Seluruh fase penyelenggaraan ibadah haji telah selesai mulai dari pemberangkatan, puncak haji hingga pemulangan. Menteri Agama (Menag) Yaqut Cholil Qoumas menyatakan haji 2024 sukses dan lebih baik dari tahun-tahun sebelumnya.

Dari 213.320 kuota, ada 213.275 jemaah haji reguler yang berangkat ke Arab Saudi dari 12 Mei hingga 11 Juni 2024. Hanya 45 kuota tidak terserap.

Puncak haji di Arafah, Muzdalifah, dan Mina (Armuzna) yang dilaksanakan pada 14-19 Juni 2024 berjalan lancar. Skema baru murur berjalan sukses hingga peristiwa 2023 di Muzdalifah tidak terulang.


Dari 21 Juni hingga 22 Juli 2024, ada 212.720 jemaah yang dipulangkan ke Tanah Air dalam 553 kloter. Hingga akhir operasional, ada 46 jemaah masih dirawat di Arab Saudi. Jemaah yang sakit tersebut akan terus dipantau oleh Kantor Urusan Haji (KUH) di Jeddah. Selama perawatan, jemaah tidak dikenakan biaya.

“Tidak berlebihan, jika disebut haji 2024 sukses dan jauh lebih baik dari tahun-tahun sebelumnya. Ada sejumlah indikator dan kita formulasikan dengan skema 4 – 3 – 5,” jelas Menag Yaqut dalam acara Closing Statement Penyelenggaraan Ibadah Haji 2024 di Asrama Haji Pondok Gede, Jakarta, Kamis (25/7/2024).

Skema 4-3-5 ini ialah empat perdana di haji 2024, tiga pengembangan ekosistem potensi ekonomi haji dan lima inovasi haji 2024. Berikut pemaparannya:

Empat Hal yang Serba Perdana pada Haji 2024, yakni:

1. Pertama layanan fast track diterapkan pada tiga embarkasi. Selain Bandara Soekarno-Hatta (Soetta), juga di Adi Soemarmo Solo dan Djuanda Surabaya.

2. Pertama dalam kuota normal (dan ada kuota tambahan), layanan katering diberikan secara penuh selama jemaah berada di Makkah.

3. Pertama dalam sejarah, Indonesia mendapat kuota tambahan hingga 20.000 jemaah.
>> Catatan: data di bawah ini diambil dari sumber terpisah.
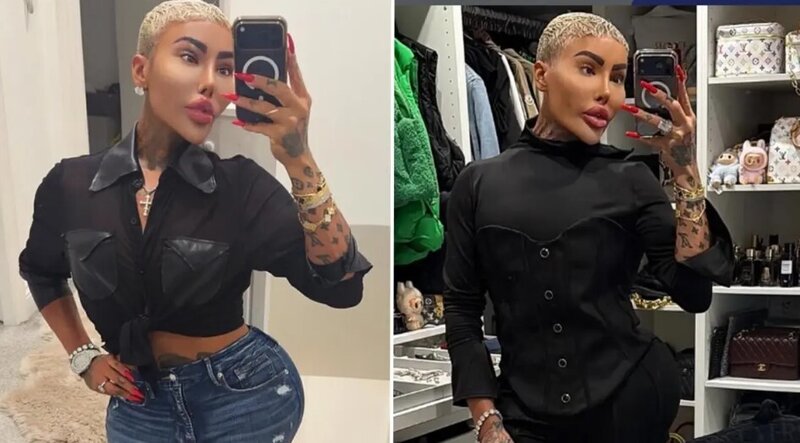 Kim Kardashiana bənzəmək üçün çoxsaylı estetik əməliyyatlar etdirən fenomen öldü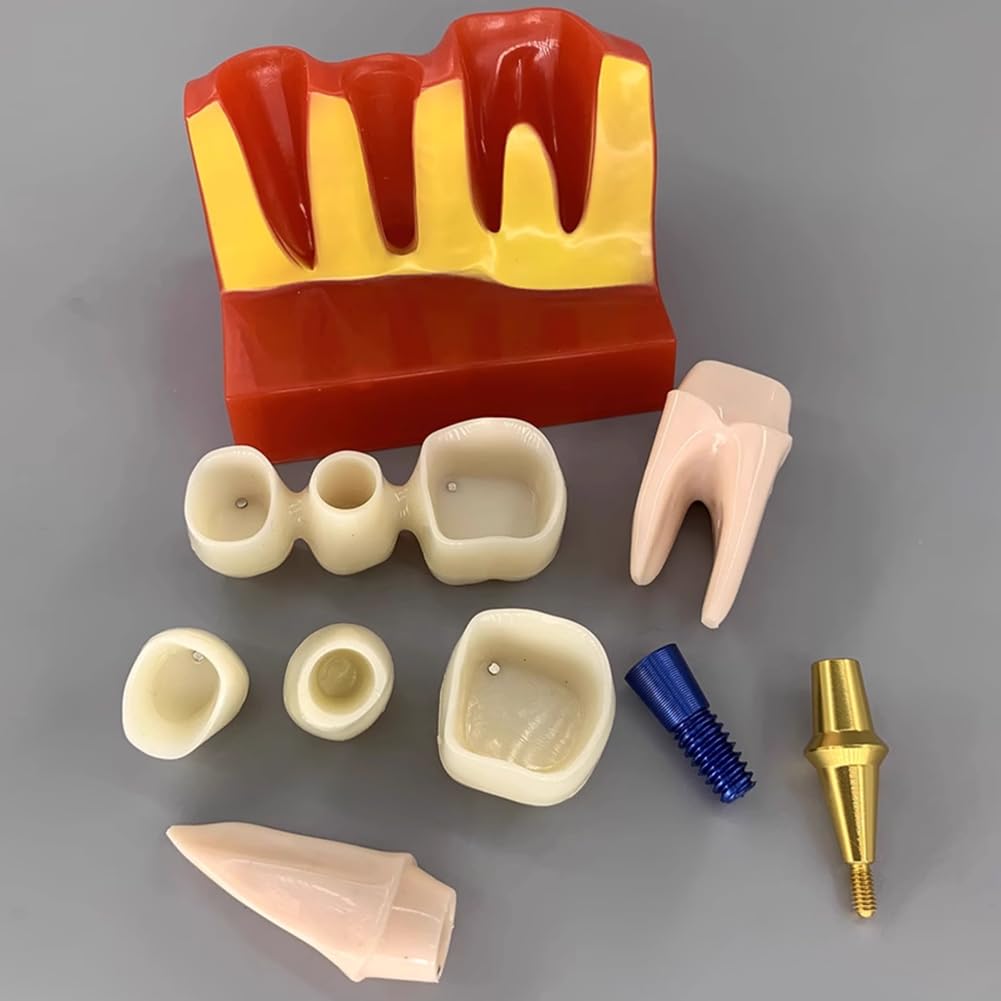 Fituenly Dental Implant Model - 4 Times Removable Analysis Crown Bridge Demonstration Teeth Model Dental Implant Analysis Tooth Model for Learning and Education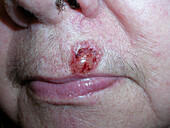 Basal cell carcinoma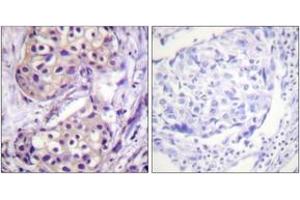 Immunohistochemistry analysis of paraffin-embedded human breast carcinoma tissue, using IKK-beta (Ab-199) Antibody. (IKBKB anticorps  (AA 166-215))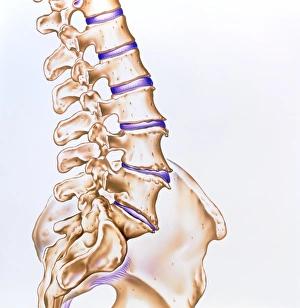 Artwork of osteoarthritis of the spine Artwork of osteoarthritis of the spine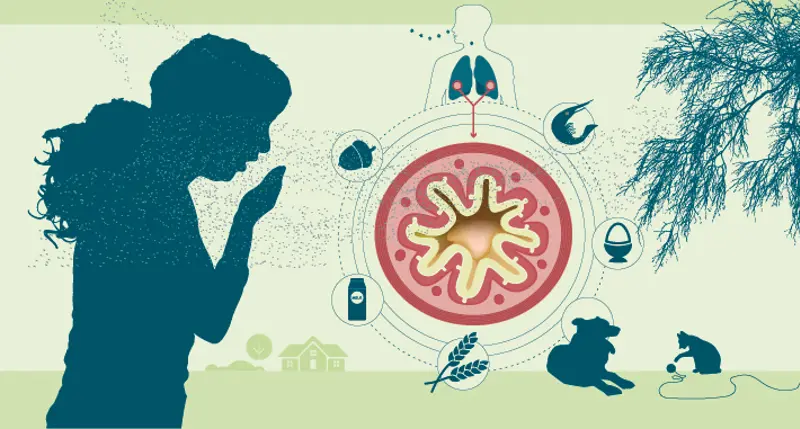 Astma og allergi er en hyppig årsak til plager hos barn og unge i industrialiserte land. Allergener og irritanter kan skape hevelse i slimhinnene og gjøre at det blir tyngre å puste  Illustrasjon: Folkehelseinstituttet/Fetetyper.no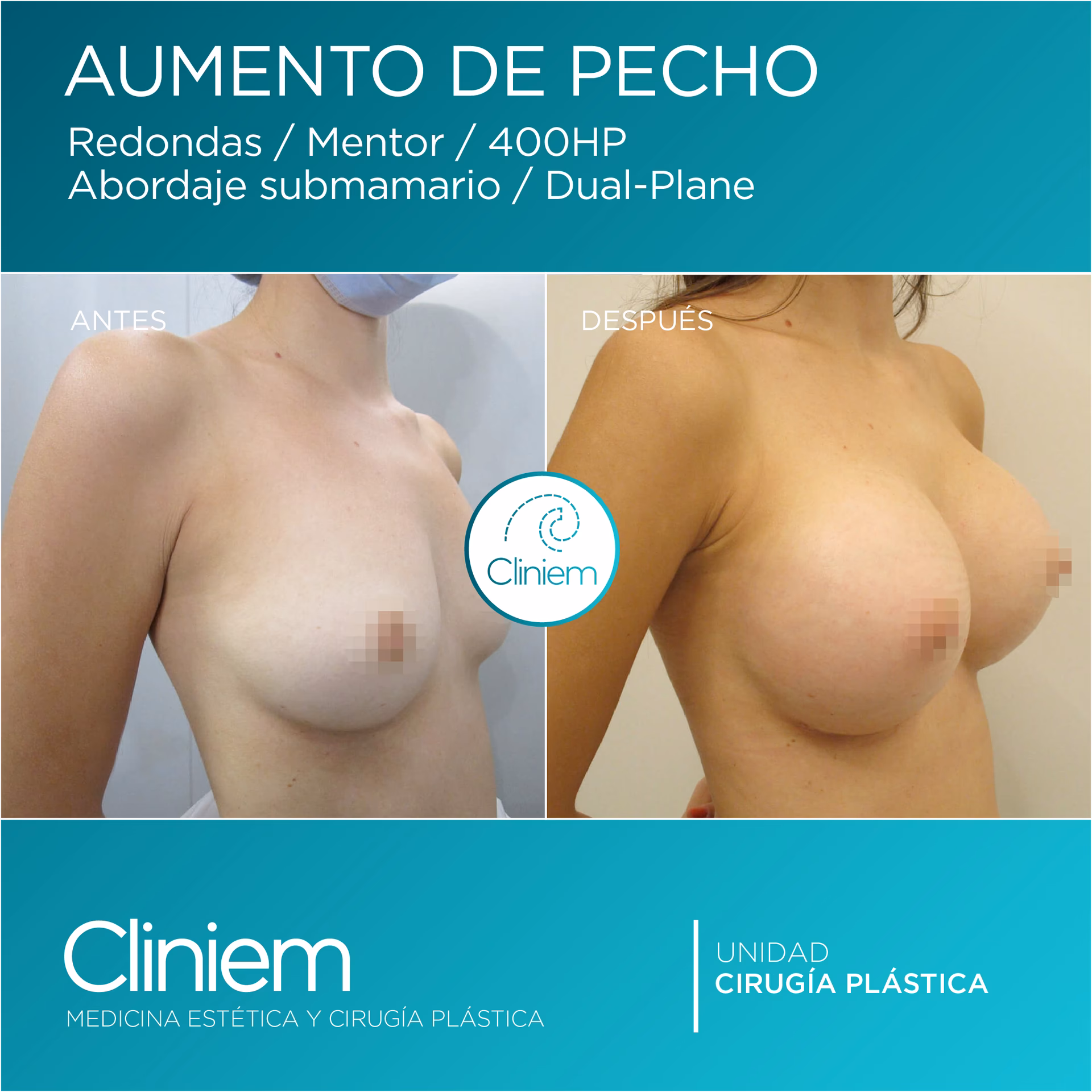 ¿Qué cirugías hace un cirujano de tórax?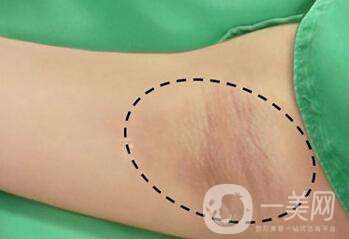 腋臭手術(shù)多久恢復(fù) 術(shù)后何如護(hù)理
Ini bagian dari upaya lobi yang dilakukan oleh Presiden Joko Widodo kepada Raja Arab Saudi Salman bin Abdulaziz Al-Saud dan Putra Mahkota Pangeran Mohammed bin Salman.
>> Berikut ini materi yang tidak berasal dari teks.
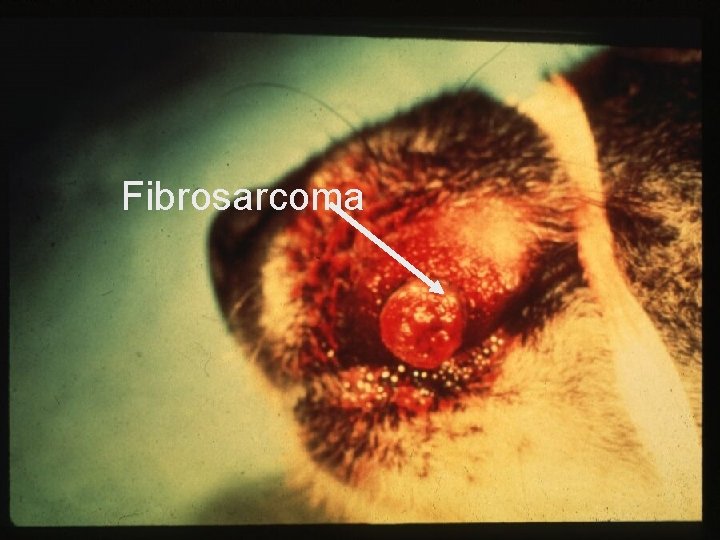 Fibrosarcoma 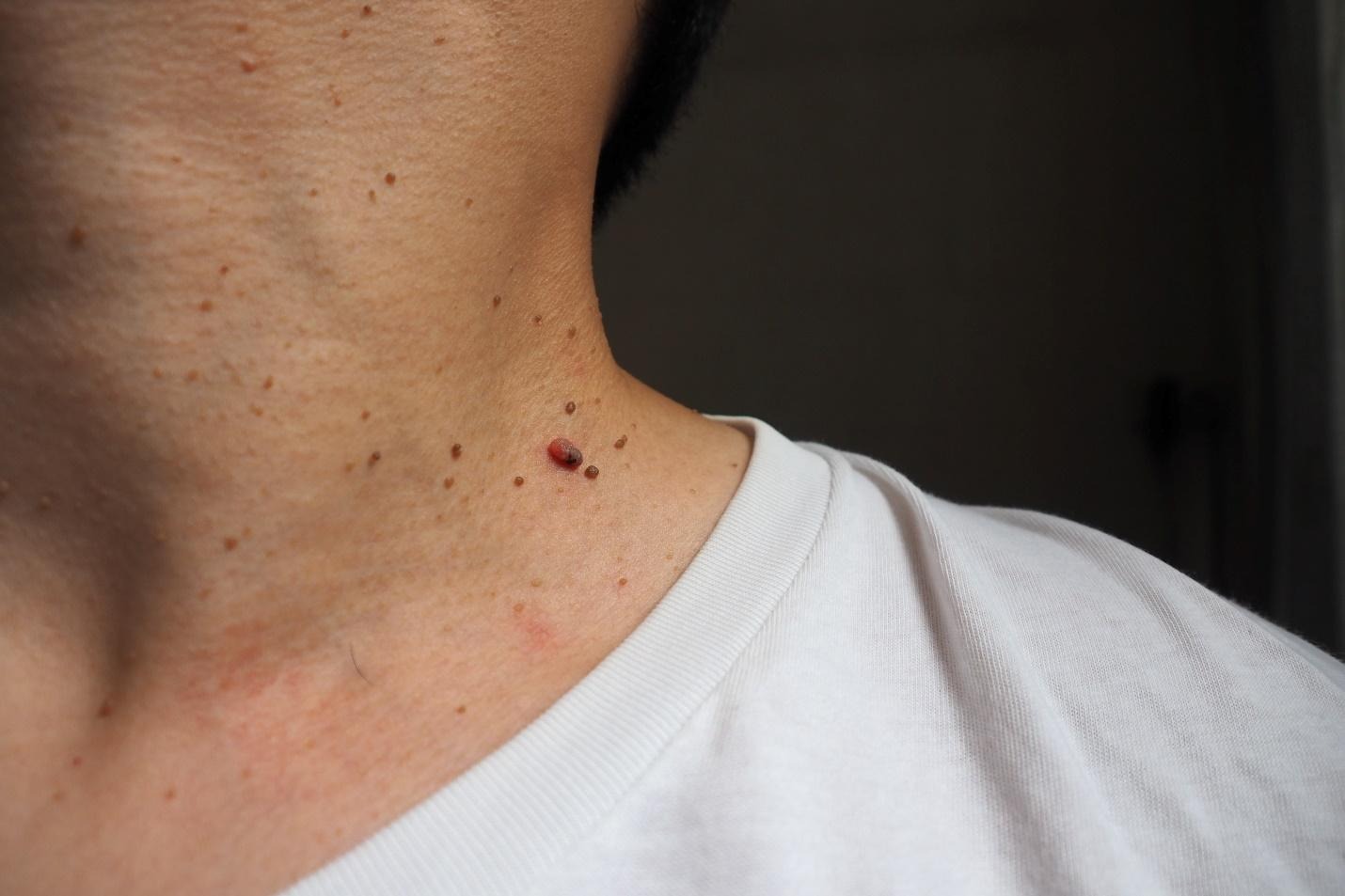 skin tags Singapore.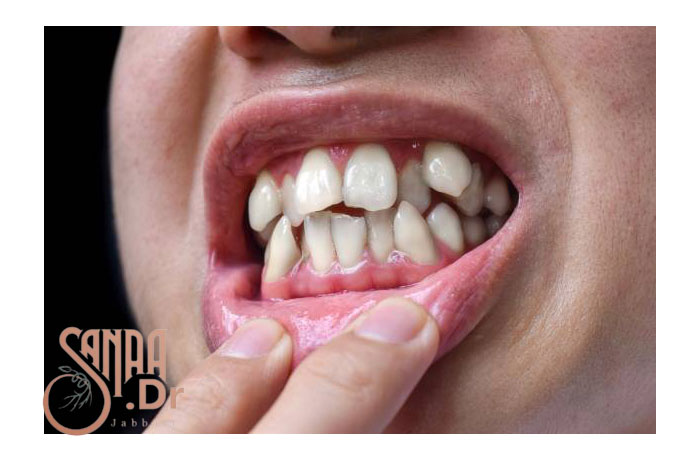 دندان های نا مرتب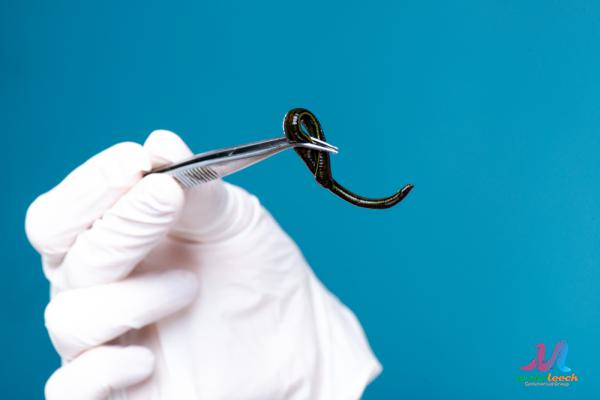 Do Surgeons Still Use Leeches?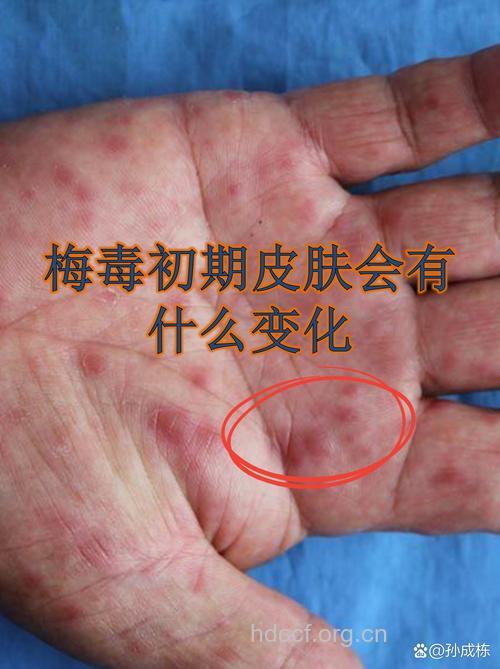 当心 梅毒的三个“变脸”手段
4. Pertama kebijakan murur diterapkan secara terencana dan sistematis. Murur adalah skema pergerakan jemaah dari Arafah (usai wukuf) menuju Muzdalifah (melintas tanpa turun), lalu menuju ke Mina. Ini sebagai ikhtiar agar kepadatan di Muzdalifah yang terjadi pada 2023 tidak terulang.

Tiga Pengembangan Ekosistem Potensi Ekonomi Haji, yakni:

1. Ekspor bumbu Nusantara. Pada 2023, baru 16 ton bumbu Nusantara yang diekspor untuk memenuhi kebutuhan dapur penyedia katering jemaah haji Indonesia. Tahun ini jumlahnya meningkat lebih dari 70 ton. Potensi ke depan masih terbuka lebar karena kebutuhannya mencapai 300 ton.

2. Pengiriman daging dam petugas dan jemaah dalam bentuk kemasan daging olahan.

3. Tahun ini, Indonesia mulai menggunakan makanan siap saji dalam layanan katering jemaah. Makanan itu didatangkan dari Indonesia.

Lima Inovasi Haji 2024, yakni:

1. Transformasi digital dalam rekrutmen petugas.

2. Aplikasi Kawal Haji memberi ruang bagi jemaah dan keluarga jemaah, bahkan masyarakat umum, untuk menyampaikan keluhan dan aduan jika mengalami masalah. Hasilnya, beragam masalah lebih cepat teridentifikasi dan tertangani.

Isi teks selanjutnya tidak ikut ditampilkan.